The poem does not employ rhyme but uses the straightforward language of everyday thought and reflection; there is an absence of traditional meter, though the lines within the longer stanzas are often “run-on,” as in the first and second lines of the first stanza: “Lately, I’ve become accustomed to the way/ The ground opens up and envelopes me.” The third stanza uses the word “And” to initiate the first three lines, a pattern of anaphora, which adds to the persona’s sense of hopeless repetition and routinized daily experience.
Though the experience presented in the poem is deceptively simple, certain uses of language add to the complexity of the poet’s presentation of isolation and uncertainty. The line “The ground opens up and envelopes me” is obviously metaphorical in its suggestion of death, suffocation, and containment. Other natural elements are employed such as the “wind,” which makes “broad edged silly music,” an ambiguous auditory image that uses synesthesia, intersensory modality, the idea that a “broad edged” shape can be paralleled to a musical sound.

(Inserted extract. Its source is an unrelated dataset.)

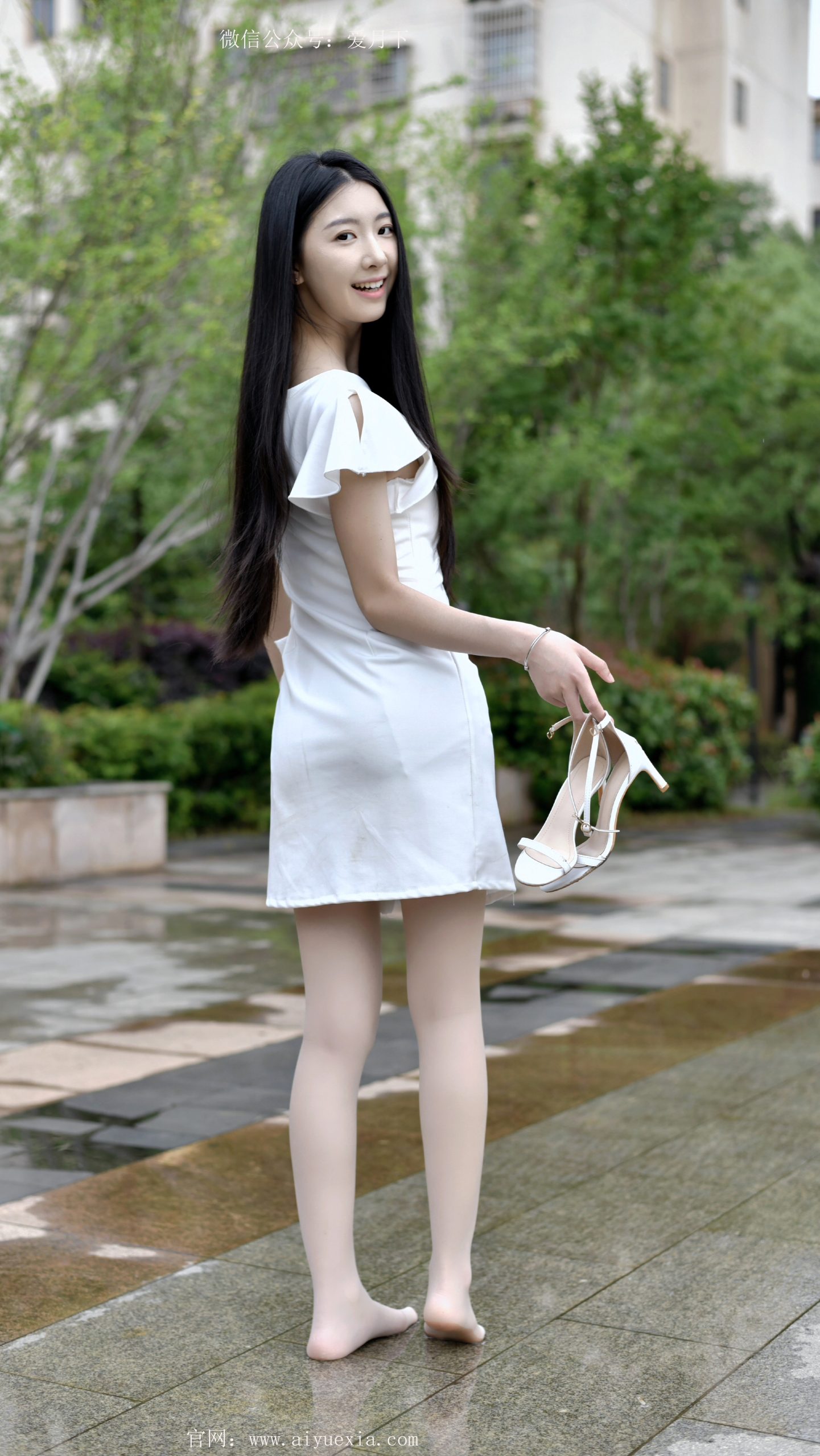455/灯灯~【足间乐雨】脱鞋踩水坑，拥抱雨中的自在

In addition to the “ground” and the “wind,” the poet employs the often conventional image of the “stars,” used traditionally by poets to connote a host of possible meanings, from fate to aspiration to isolation to ambiguity, the latter meaning suggested in this poem. The hyperbole, the counting of stars, an act that is apparently undoable, is used to support the seemingly meaningless act, a search for the finite within the infinite. Ambiguity of imagery is further evident in the continuation of counting stars despite their inaccessibility; the poet says, “I count the holes they leave,” in the absence of the stars themselves. The narrative style of the poem, its story like form, is suggested in the closing stanza and the description of overhearing the daughter’s prayers.